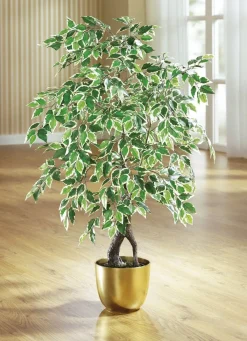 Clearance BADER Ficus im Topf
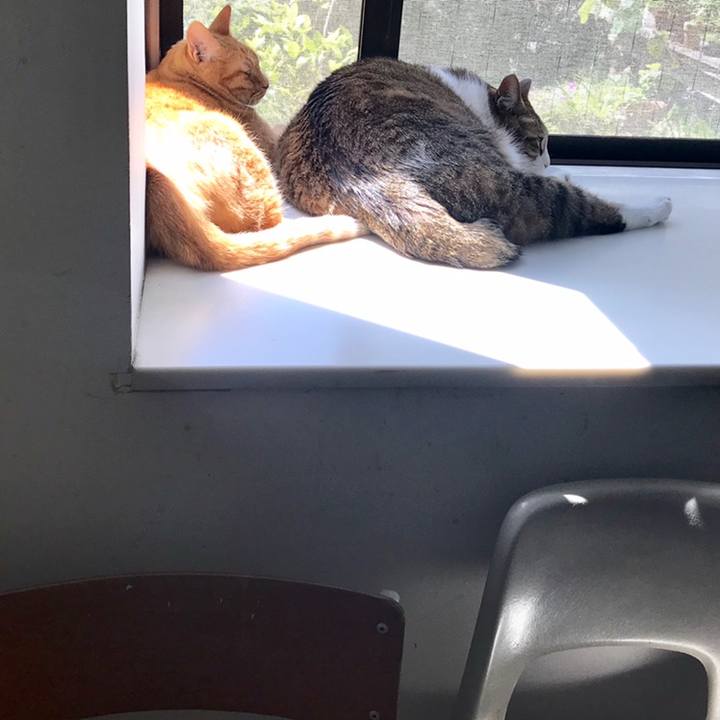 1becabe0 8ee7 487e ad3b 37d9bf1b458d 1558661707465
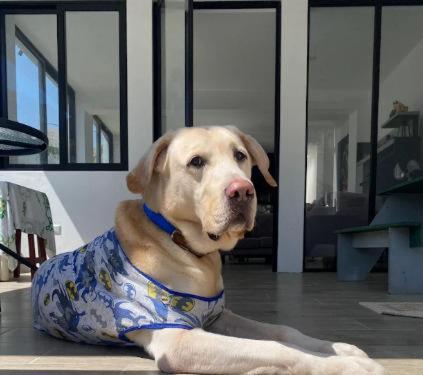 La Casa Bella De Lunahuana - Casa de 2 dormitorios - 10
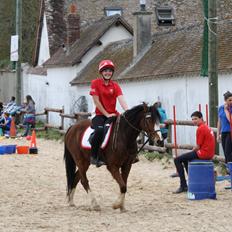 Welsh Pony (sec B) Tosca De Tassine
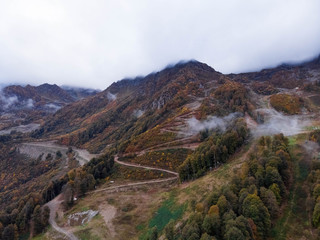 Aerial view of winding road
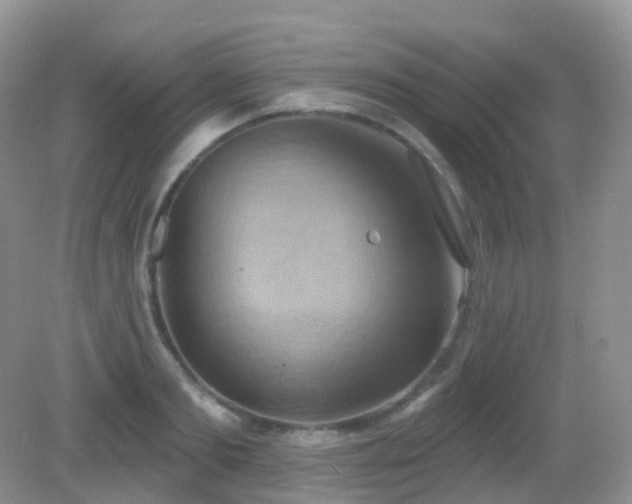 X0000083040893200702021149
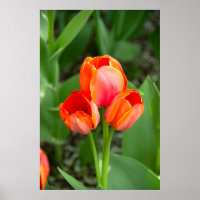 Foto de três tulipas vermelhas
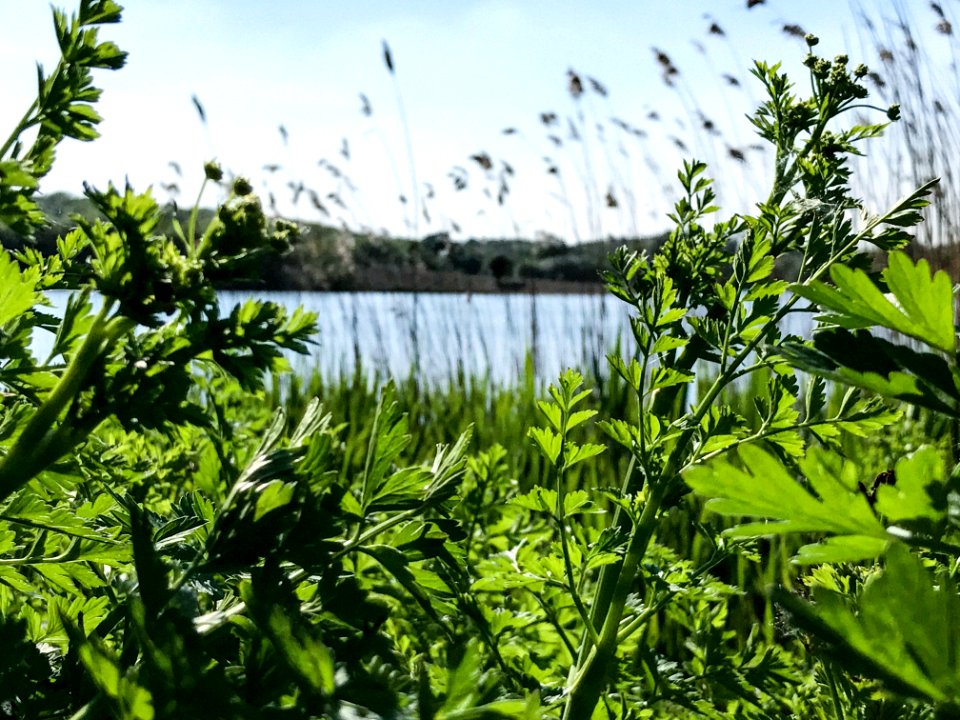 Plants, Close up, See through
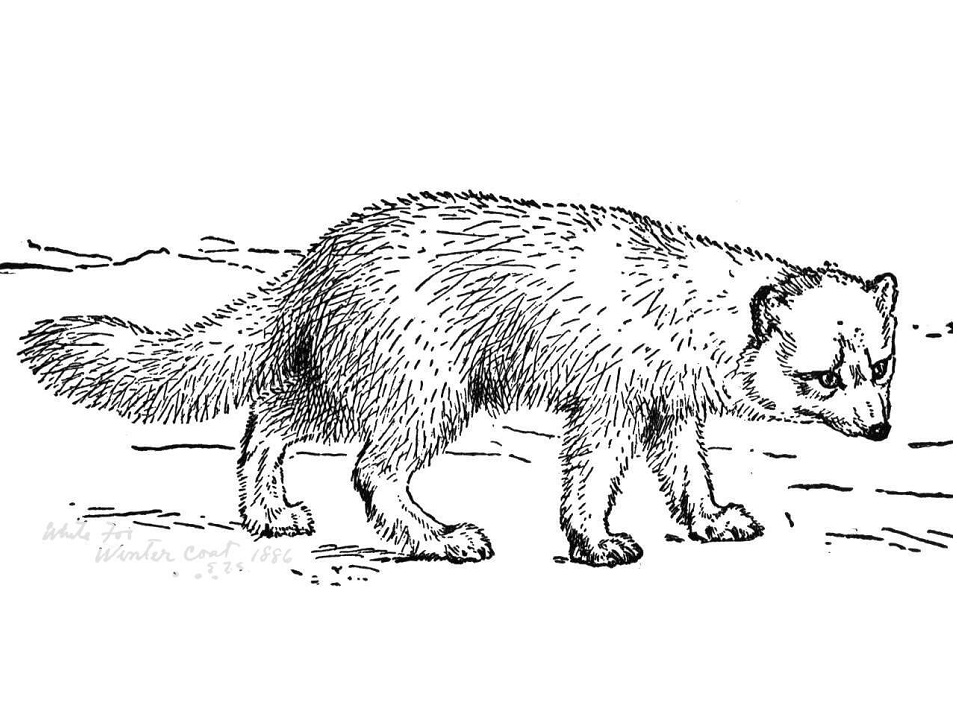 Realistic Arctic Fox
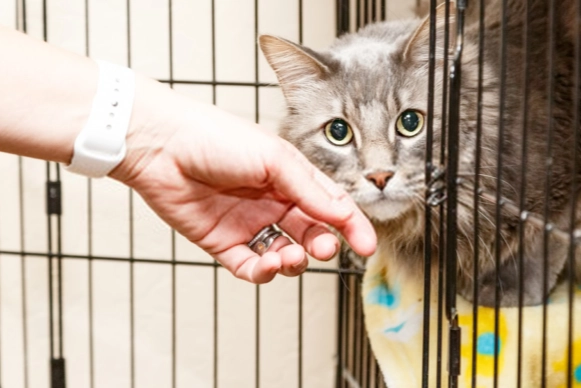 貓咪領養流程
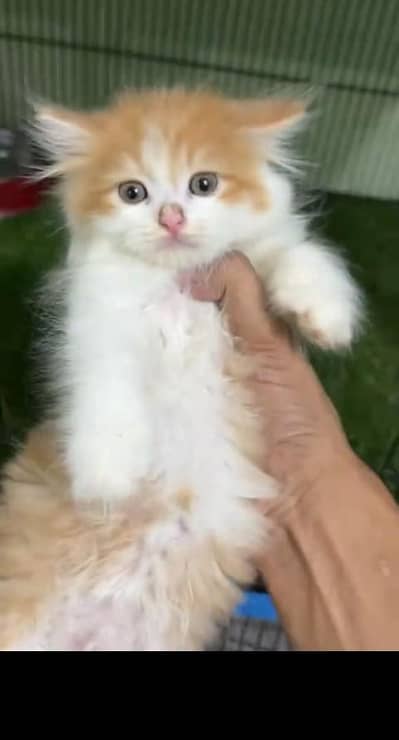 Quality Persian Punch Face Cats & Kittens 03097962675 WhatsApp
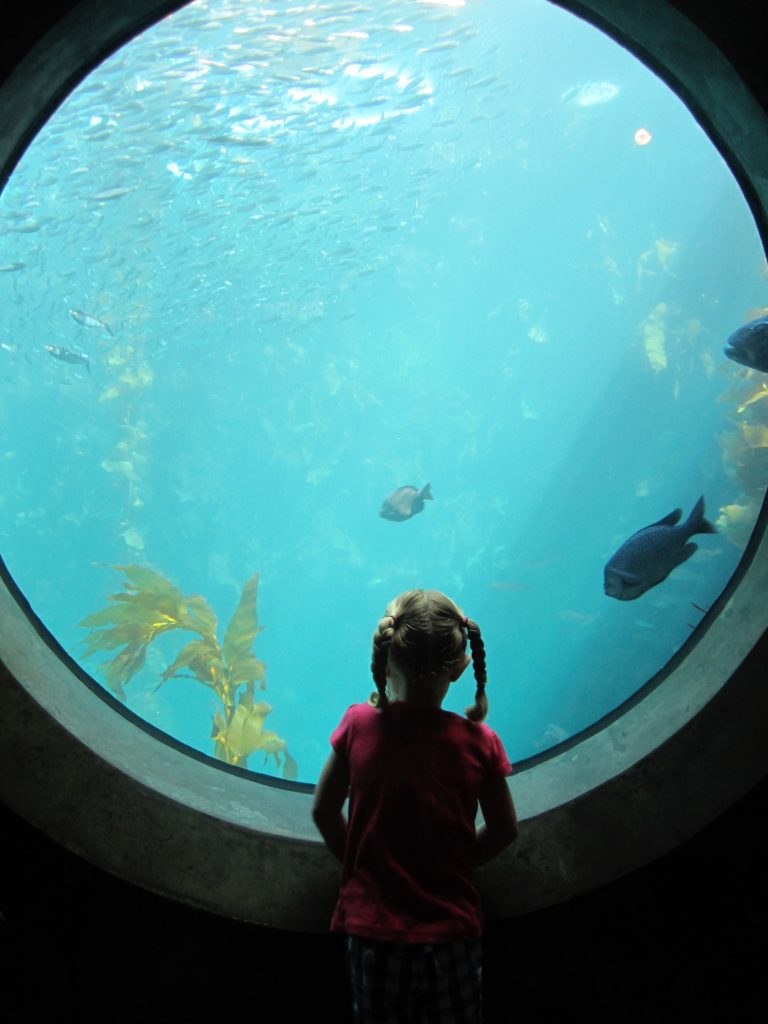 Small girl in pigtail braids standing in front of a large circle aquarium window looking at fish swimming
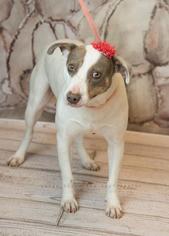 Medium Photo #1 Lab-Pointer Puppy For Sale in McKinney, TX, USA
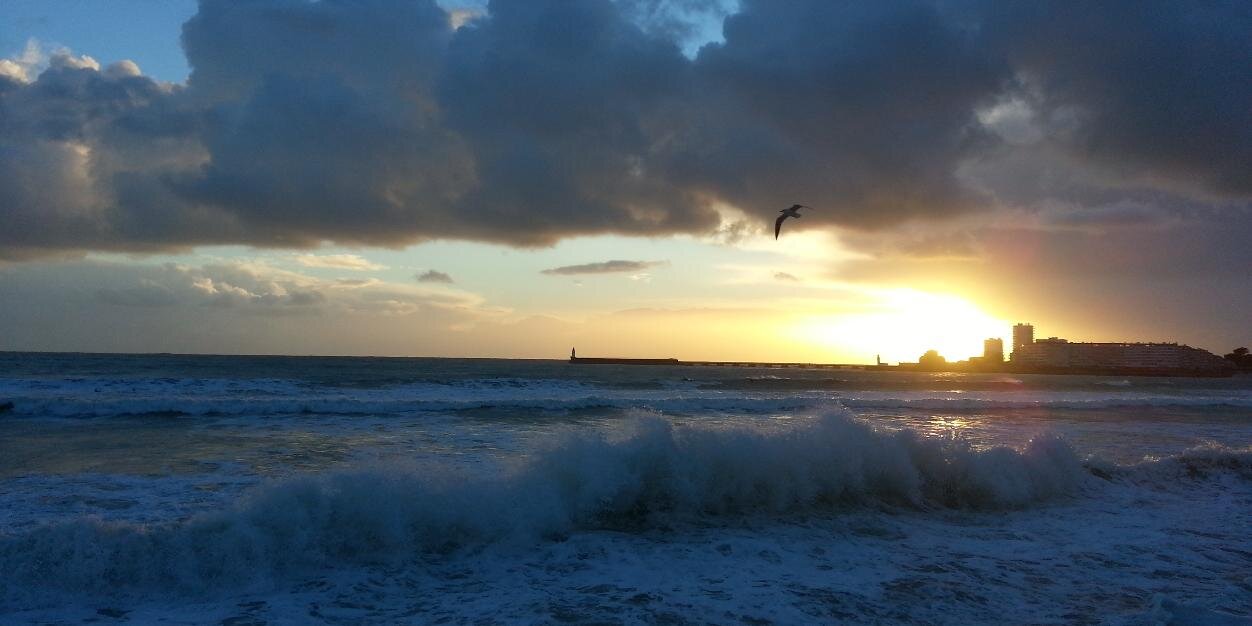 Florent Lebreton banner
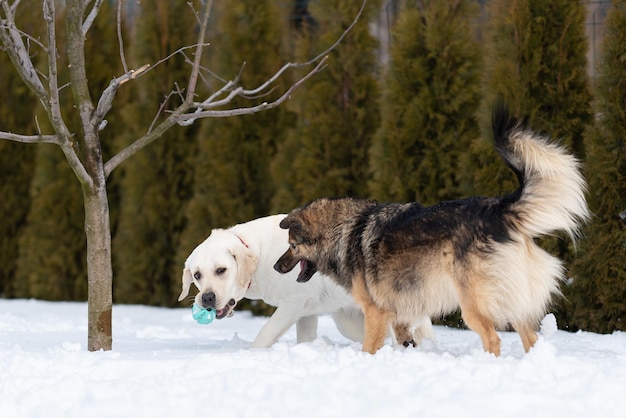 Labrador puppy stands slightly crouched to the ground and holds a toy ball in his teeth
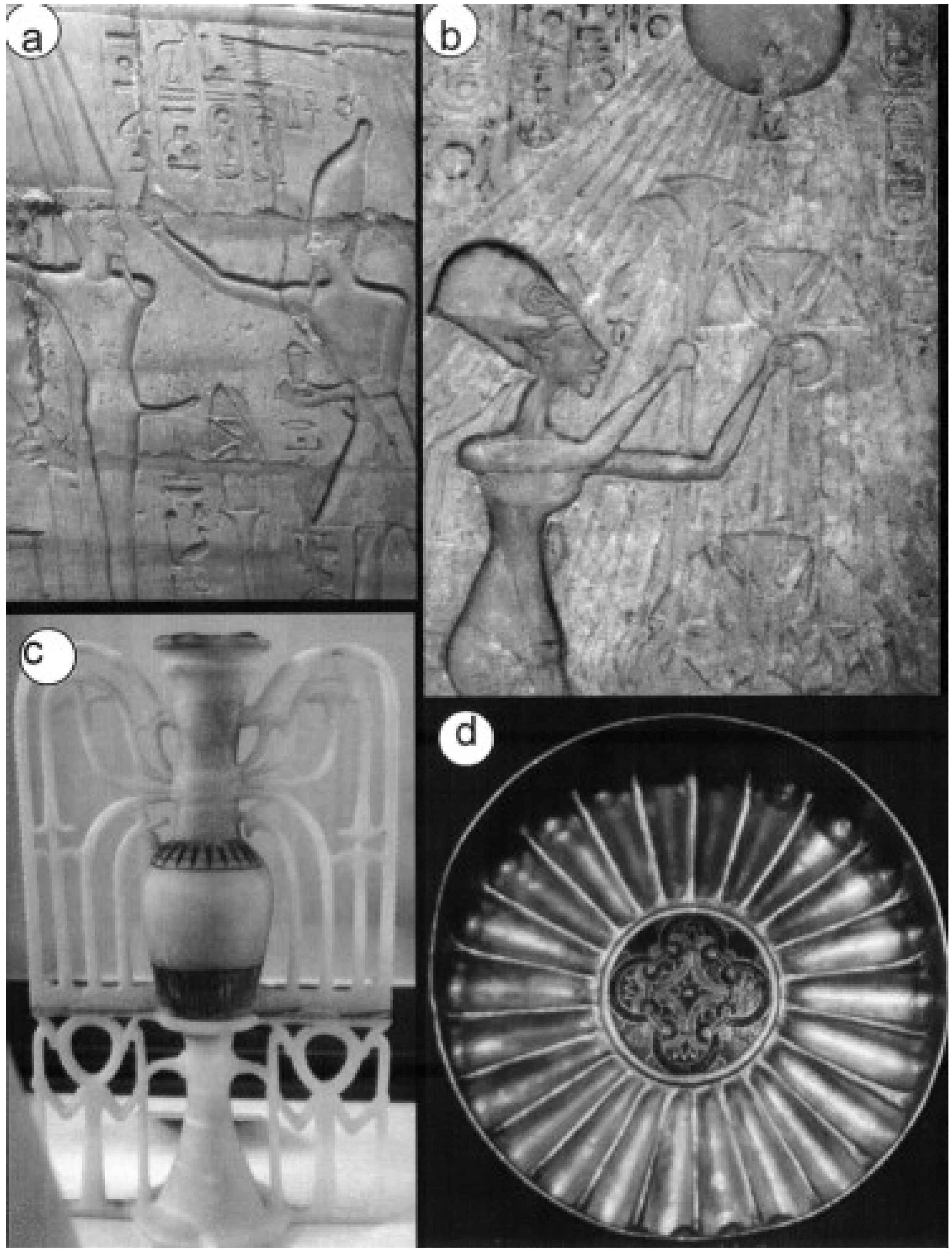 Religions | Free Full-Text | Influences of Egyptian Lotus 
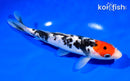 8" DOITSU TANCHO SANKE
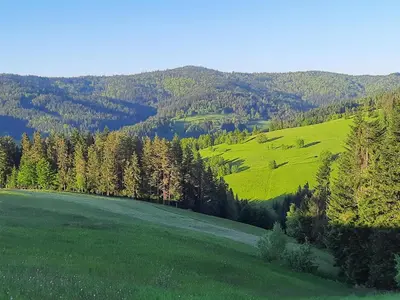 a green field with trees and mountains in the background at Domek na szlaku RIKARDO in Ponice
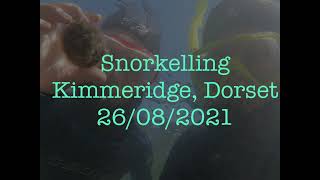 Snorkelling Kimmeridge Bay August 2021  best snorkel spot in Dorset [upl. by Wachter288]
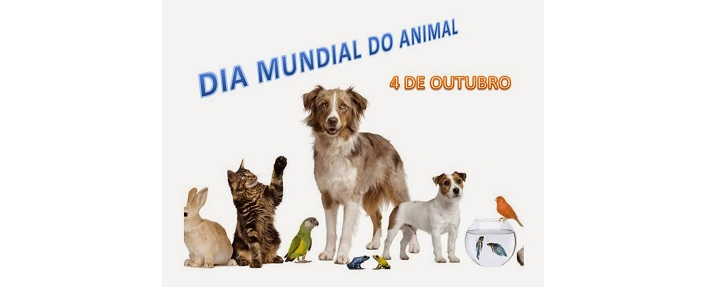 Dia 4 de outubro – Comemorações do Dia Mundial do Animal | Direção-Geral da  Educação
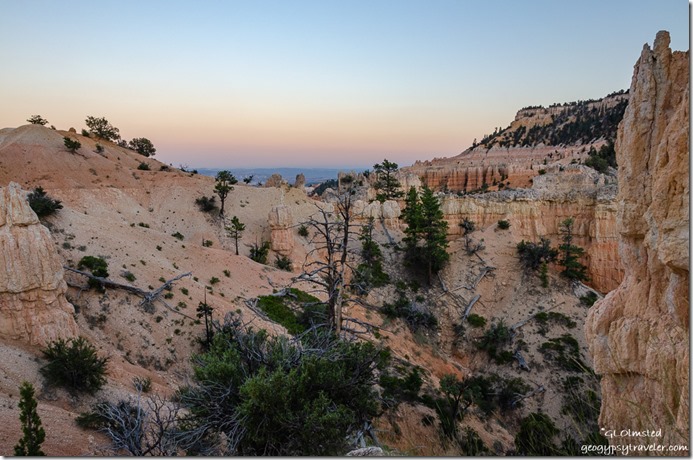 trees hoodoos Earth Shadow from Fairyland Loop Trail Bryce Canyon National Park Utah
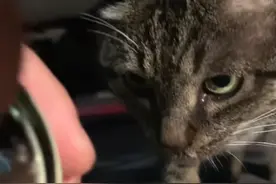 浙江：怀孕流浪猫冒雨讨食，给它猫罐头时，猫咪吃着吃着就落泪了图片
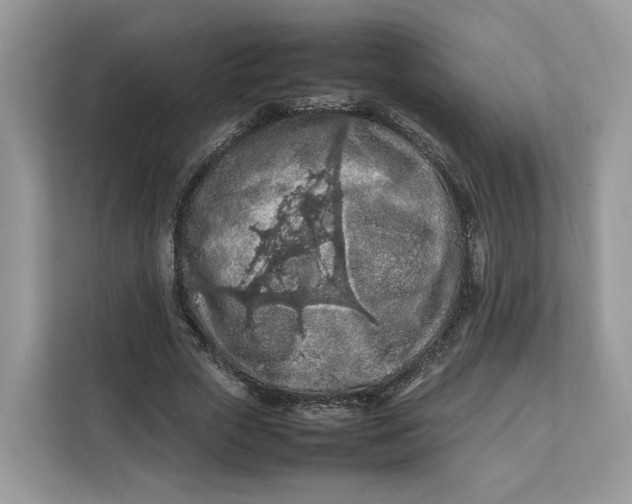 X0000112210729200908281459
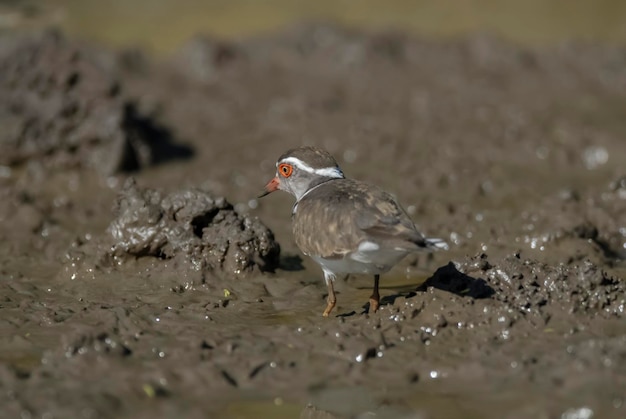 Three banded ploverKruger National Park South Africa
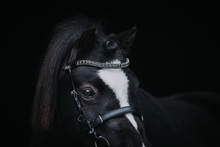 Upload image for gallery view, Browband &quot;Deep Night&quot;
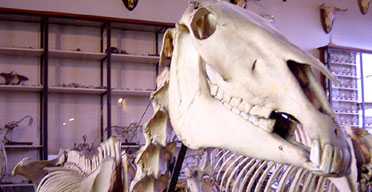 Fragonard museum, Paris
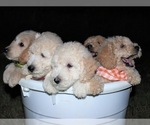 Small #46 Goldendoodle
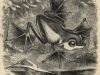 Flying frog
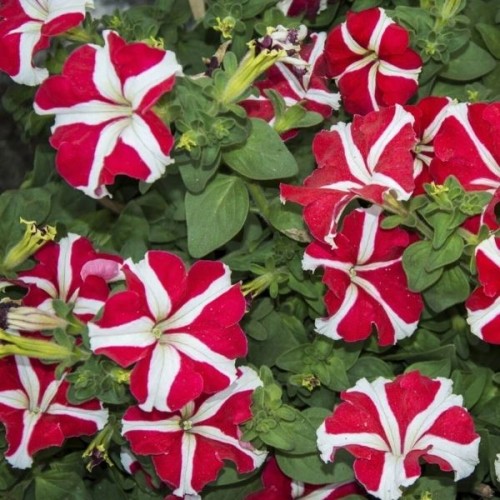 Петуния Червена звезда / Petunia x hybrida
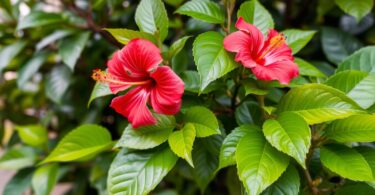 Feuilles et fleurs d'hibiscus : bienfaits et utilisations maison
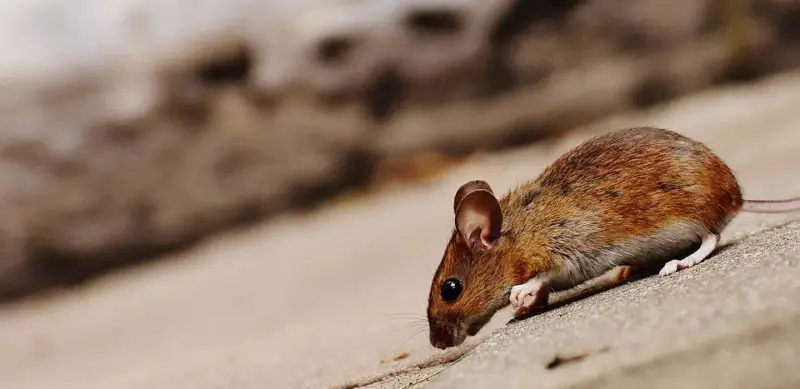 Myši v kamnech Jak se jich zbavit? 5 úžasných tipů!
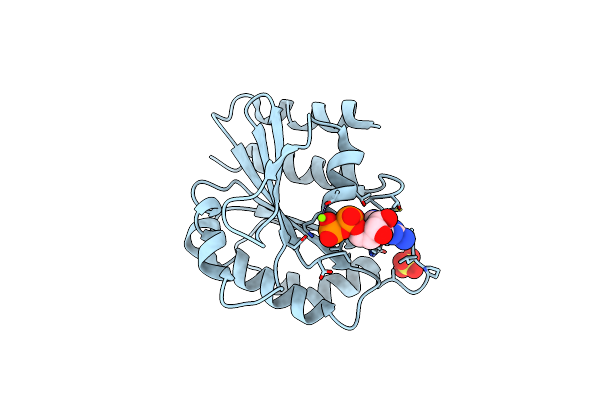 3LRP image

────────────────────

- What the task requires -
Exactly as given, transcribe every line of the data, but not its images.

- Task result -
 Clearance BADER Ficus im Topf
 1becabe0 8ee7 487e ad3b 37d9bf1b458d 1558661707465
 La Casa Bella De Lunahuana - Casa de 2 dormitorios - 10
 Welsh Pony (sec B) Tosca De Tassine
 Aerial view of winding road
 X0000083040893200702021149
 Foto de três tulipas vermelhas
 Plants, Close up, See through
 Realistic Arctic Fox
 貓咪領養流程
 Quality Persian Punch Face Cats & Kittens 03097962675 WhatsApp
 Small girl in pigtail braids standing in front of a large circle aquarium window looking at fish swimming
 Medium Photo #1 Lab-Pointer Puppy For Sale in McKinney, TX, USA
 Florent Lebreton banner
 Labrador puppy stands slightly crouched to the ground and holds a toy ball in his teeth
 Religions | Free Full-Text | Influences of Egyptian Lotus 
 8" DOITSU TANCHO SANKE
 a green field with trees and mountains in the background at Domek na szlaku RIKARDO in Ponice
 Snorkelling Kimmeridge Bay August 2021  best snorkel spot in Dorset [upl. by Wachter288]
 Dia 4 de outubro – Comemorações do Dia Mundial do Animal | Direção-Geral da  Educação
 trees hoodoos Earth Shadow from Fairyland Loop Trail Bryce Canyon National Park Utah
 浙江：怀孕流浪猫冒雨讨食，给它猫罐头时，猫咪吃着吃着就落泪了图片
 X0000112210729200908281459
 Three banded ploverKruger National Park South Africa
 Upload image for gallery view, Browband &quot;Deep Night&quot;
 Fragonard museum, Paris
 Small #46 Goldendoodle
 Flying frog
 Петуния Червена звезда / Petunia x hybrida
 Feuilles et fleurs d'hibiscus : bienfaits et utilisations maison
 Myši v kamnech Jak se jich zbavit? 5 úžasných tipů!
 3LRP image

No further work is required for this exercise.